Video art has become far too big a phenomenon to be encapsulated in a single history, since the term by now encompasses projections, installations, films, sculptural forms, interactive projects, and digital media. It has had an omnipresent impact on contemporary art, often taking star turn at museums, galleries, performance festivals, and biennials (where its ability to deliver both scale and portability makes it especially appealing), if not so keenly felt at art fairs, where its salability comes into question. As such, it is virtually impossible to summarize this art form’s development into a singular narrative, even one that incorporates several tendencies and trends. This was already the case when Rush first presented his thesis. It is even truer today, now that the tools to make a video and upload it are as close as your iPhone.
So it perhaps would be unfair to criticize “Moving Time” for what was left out of the exhibition, a slim anthology featuring only 22 artists. Rather than offering an encyclopedic overview of video art, Doherty honored Rush’s original insights with a select array of historic material—all loaned for the show—then brought the exhibition up to the present with a selection of five contemporary artists whose debt to video history is clear.
But herein lay the very problem with the show, signaled in the first paragraph of its press release: “With affordable cameras and editing equipment readily available along with ever increasing platforms, especially over the Internet, it is more important than ever to keep a watchful eye in the history and progress of video art as an art” (emphasis added).

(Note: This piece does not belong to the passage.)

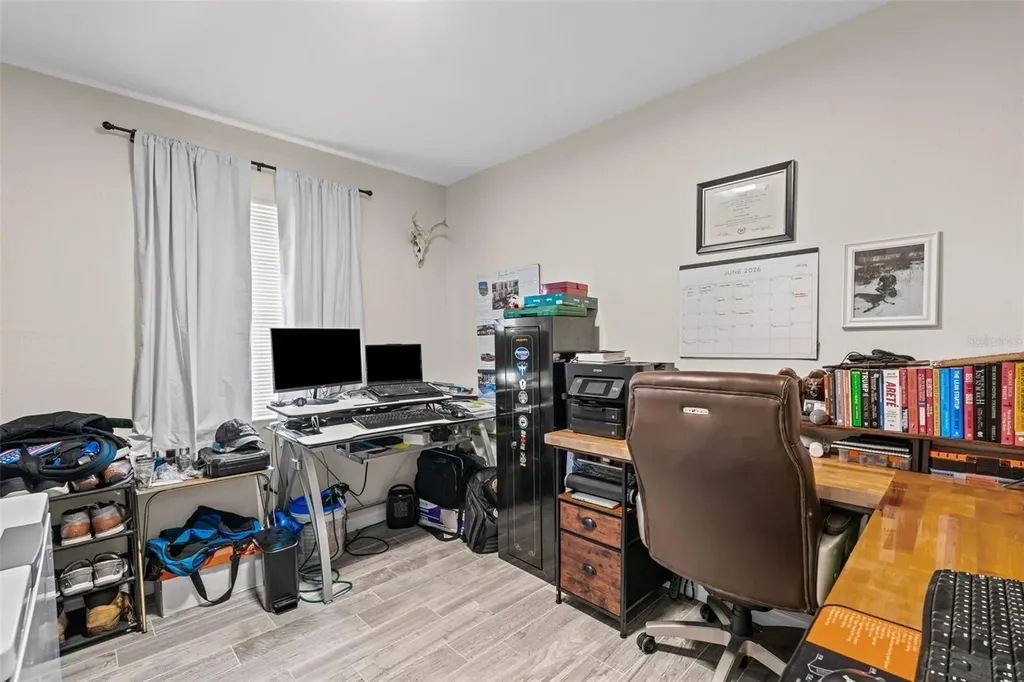 429 Patterson Avenue Osprey FL 34229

COURTESY ELECTRONIC ARTS INTERMIX (EAI), NEW YORK
Simply put, the curator’s choice of what contemporary works to include indicated an unwillingness to explore the overlaps between life and art that—in the first “Net Aesthetics” panel organized by Rhizome, in New York City in 2006—artist Cory Arcangel described as the essence of his work: “I call it the 14-year-old Finnish-kid syndrome. Basically there are people doing things on the Internet right now that are above and beyond…. In a way, my daily battle is just to try to, when I make something, make sure that it not only fits in an art context but that it also fits in online. Generally, when I put something on my blog, no one knows that I’m an artist. As soon as it gets copied and pasted to another blog, I cease to become an artist. It just becomes another piece of information on the Net. And so I like to do both.”

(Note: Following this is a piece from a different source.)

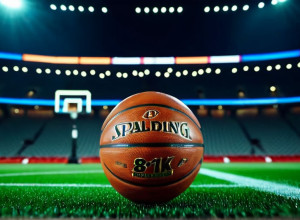 Братья и сестры в большом спорте: История Марии и Диего Конде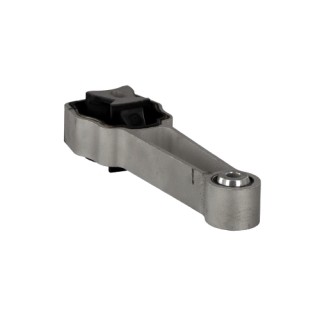 Опора двигателя (справа, сверху) 32665 FEBI BILSTEIN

This is all the more strange considering that the exhibition opened with works by Andy Warhol and Nam June Paik—two artists celebrated in Rush’s text who, each in his own way, dissolved the boundaries between art and life. Paik’s Button Happening (1965)—one of the first examples of video art known to exist—documents the artist buttoning and unbuttoning his jacket. It is a rudimentary work that, in keeping with the Fluxus movement of which Paik was a key member, breaks down the division between gesture as an aspect of Abstract Expressionism and gesture as a fact of everyday existence.

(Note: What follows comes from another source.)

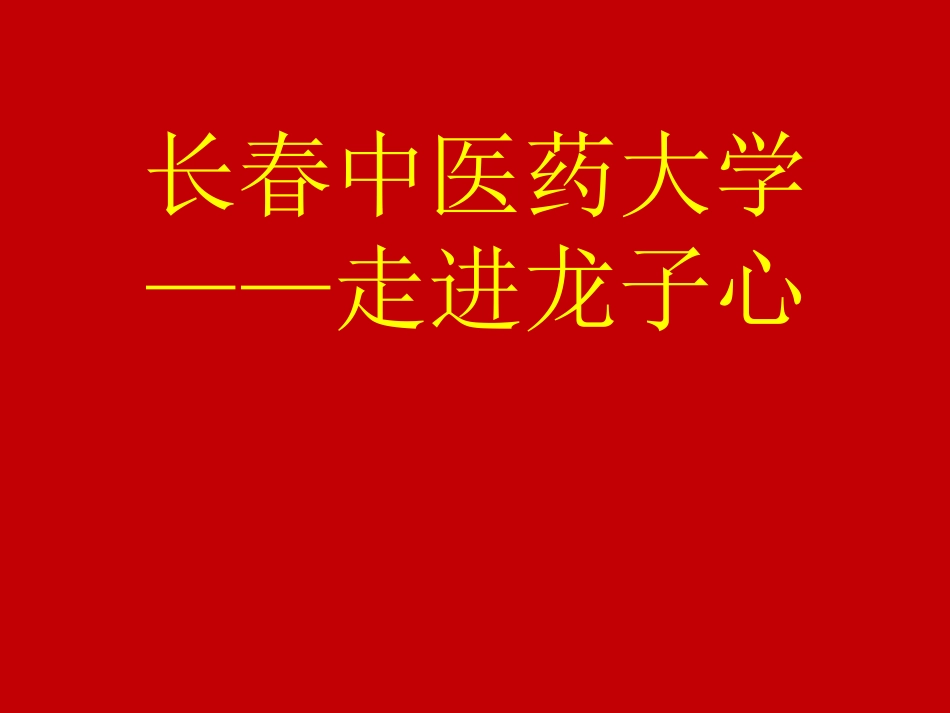 做一个梦想的实干家_第1页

Surprisingly poignant was Warhol’s Outer and Inner Space (1965). In this work, Factory star Edie Sedgwick is seen talking to her prerecorded image on a video monitor, a scene doubled by a second view of the encounter projected on a second screen. With two live Edies and two recorded Edies, the work—created just two years after Warhol’s Double Elvis (1963)—continues Warhol’s fascination with fame as something achieved and promulgated through the multiplication of media images. This work is the only extant example of Warhol’s use of video, effectively preserved on 16-millimeter film.
As Callie Angell, an authority on Warhol’s films, put it in her 2002 essay in Millennium Film Journal, “Warhol is particularly fascinated by the ability of video playback to double the image of his subject—to place a person in the same frame with his or her own image. And it seems to me this doubling of a person’s image would naturally have reminded Warhol of his own paintings, in which he often silkscreened multiple images of the same face onto the same canvas. And once he had doubled the image of his subject, Edie Sedgwick, by filming her in the same frame with her video image, it would seem an obvious step to further multiply her image by adding a second film screen to the first, just as he often multiplied the repeated images in his paintings by adding on additional panels or canvases. So, I think that is what you see happening in this film—the medium of video provides Warhol with a link back to his own practice as a painter, and his practice as a painter then suggests ways to further expand his filmmaking into the new formats of double- and multi-screen projection which will dominate so much of his later film work.”
COURTESY THE ARTIST AND CRISTIN TIERNEY GALLERY, NEW YORK
The 1970s were the decade of women artists, according to “Moving Time.” In a single gallery, videos by Marina Abramović and Ulay were projected larger-than-life on one wall, while works by Steina and Woody Vasulka, Martha Rosler, Adrian Piper, Joan Jonas, and Valie Export played on monitors. These were the years in which video’s usefulness as a way to both document and extend performance art made it particularly attractive to feminist artists. In Body Tape (1970), the earliest video in this section, Valie Export performs a series of actions—touching, boxing, feeling, hearing, tasting, pushing, and walking—focusing on individual body parts. In Joan Jonas’s Vertical Roll (1972), Jonas performs as a belly dancer in a video that stutters, rolls, and repeats, obscuring her face.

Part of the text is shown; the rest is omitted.